### What the task asks
From the line with "Audemars piguet 16202st - piguet, blu" through the line with "Final Block -73Kg", repeat the entries verbatim, both end lines included, and add nothing.
═══ Records for processing ═══
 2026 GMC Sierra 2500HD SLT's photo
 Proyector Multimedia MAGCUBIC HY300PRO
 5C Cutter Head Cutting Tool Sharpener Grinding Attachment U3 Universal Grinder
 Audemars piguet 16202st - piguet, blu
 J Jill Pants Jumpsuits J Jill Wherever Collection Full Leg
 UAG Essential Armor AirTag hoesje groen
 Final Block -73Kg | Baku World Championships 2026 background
═══
═══ Records for processing ═══
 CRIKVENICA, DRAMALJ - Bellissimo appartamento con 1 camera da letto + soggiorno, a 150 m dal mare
═══
### Response area
 Audemars piguet 16202st - piguet, blu
 J Jill Pants Jumpsuits J Jill Wherever Collection Full Leg
 UAG Essential Armor AirTag hoesje groen
 Final Block -73Kg | Baku World Championships 2026 background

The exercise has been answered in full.